Neural style transfer
Among the many applications a neural network can be applied to, there is an interesting field called Neural style transfer. This term refers to an algorithm that takes as input a content-image (e.g. a tortle), a style-image (e.g. artistic waves) and return the content of the content-image as if it was ‘painted’ using the artistic style of the style-image. This technique was initially proposed by Gatys et al in 2105 and the good things is that it does not require any new foundation: it just uses well-known loss functions. In short we define two loss functions, one for the content (DC) and one for the style (DS). DC measures how different the content is between two images, while DS measures how different the style is between two images. Then, we take a third image, the input, (e.g. a with noise), and we transform it in order to both minimize its content-distance with the content-image and its style-distance with the style-image.

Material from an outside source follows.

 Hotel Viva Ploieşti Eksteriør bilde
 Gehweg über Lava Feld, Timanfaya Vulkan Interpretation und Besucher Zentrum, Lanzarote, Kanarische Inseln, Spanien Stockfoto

Johnson et al. (2016) built on the work of Gatys et al., proposing a neural style transfer algorithm that is up to three orders of magnitude faster. The Johnson et al. method frames neural style transfer as a super-resolution-like problem based on perceptual loss functions. While the Johnson et al. method is certainly fast, the biggest downside is that you cannot arbitrarily select your style images like you could in the Gatys et al. method. Instead, you first need to explicitly train a network to reproduce the style of your desired image. Once the network is trained, you can then apply it to any content image you wish. You should see the Johnson et al. method as a more of an “investment” in your style image — you better like your style image as you’ll be training your own network to reproduce its style on content images.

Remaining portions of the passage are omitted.